Undergraduate Honors Theses

Thesis Defended

Spring 2019

Document Type

Thesis

Type of Thesis

Departmental Honors

Department

Integrative Physiology

First Advisor

Douglas Seals

Second Advisor

Mark Opp

Third Advisor

Jessica Gorski

Abstract

Age is the primary risk factor for cardiovascular disease (CVD). Adverse changes to arteries, including the development of vascular endothelial dysfunction, mediate the age-related increase in risk of CVD. Endothelial dysfunction is a consequence of insufficient nitric oxide (NO) bioavailability, secondary to increased oxidative stress. Inorganic nitrite supplementation is a novel strategy to improve NO bioavailability. Accordingly, a recent pilot study in our laboratory, showed that 12 weeks of sodium nitrite supplementation improved endothelial function measured as brachial artery flowmediated dilation (FMD) in healthy middle-aged and older (MA/O) adults. Here, we sought to confirm our pilot study findings by conducting a larger randomized, placebocontrolled, double-blind, parallel group study with 12 weeks of sodium nitrite (80mg/day) vs. placebo in MA/O adults (n=49, 68±1 yr) with impaired endothelial function (baseline brachial artery FMD <6%). Sodium nitrite increased plasma nitrite levels acutely (10- fold, p<0.05 vs. placebo) and chronically (p<0.05) and was safe and well tolerated.

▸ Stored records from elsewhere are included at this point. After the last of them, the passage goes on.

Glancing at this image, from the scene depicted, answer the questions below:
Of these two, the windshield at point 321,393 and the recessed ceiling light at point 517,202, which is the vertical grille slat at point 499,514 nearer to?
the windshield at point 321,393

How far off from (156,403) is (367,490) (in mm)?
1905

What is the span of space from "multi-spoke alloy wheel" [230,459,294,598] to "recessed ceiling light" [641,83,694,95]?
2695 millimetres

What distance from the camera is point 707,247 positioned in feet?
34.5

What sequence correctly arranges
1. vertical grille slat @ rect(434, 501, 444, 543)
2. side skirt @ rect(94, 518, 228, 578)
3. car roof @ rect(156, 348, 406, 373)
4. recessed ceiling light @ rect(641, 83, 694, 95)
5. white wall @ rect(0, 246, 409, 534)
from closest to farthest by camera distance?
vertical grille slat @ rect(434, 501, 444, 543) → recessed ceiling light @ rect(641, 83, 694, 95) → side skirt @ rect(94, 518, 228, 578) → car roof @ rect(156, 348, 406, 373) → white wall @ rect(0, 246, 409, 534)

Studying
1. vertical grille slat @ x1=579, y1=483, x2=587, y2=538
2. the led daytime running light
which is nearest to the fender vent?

Vascular endothelial function, as measured by brachial artery FMD, was increased by 28% as compared to baseline (3.9±1.2 to 5.0±1.8%, p<0.05), but unchanged with placebo (3.8±1.4 to 4.0±1.5%, p>0.05). Endothelial cell expression of nitrotyrosine, a marker of oxidative stress, was decreased by 54% after sodium nitrite supplementation (p=0.034), but unchanged with placebo; endothelial cell markers of antioxidant status (manganese superoxide dismutase), inflammation (nuclear factor kappa B), and endothelial NO synthase were unaffected, as were participant characteristics and circulating factors (all p>0.05). These data suggest sodium nitrite supplementation improves endothelial function in healthy MA/O adults, possibly by reducing oxidative stress.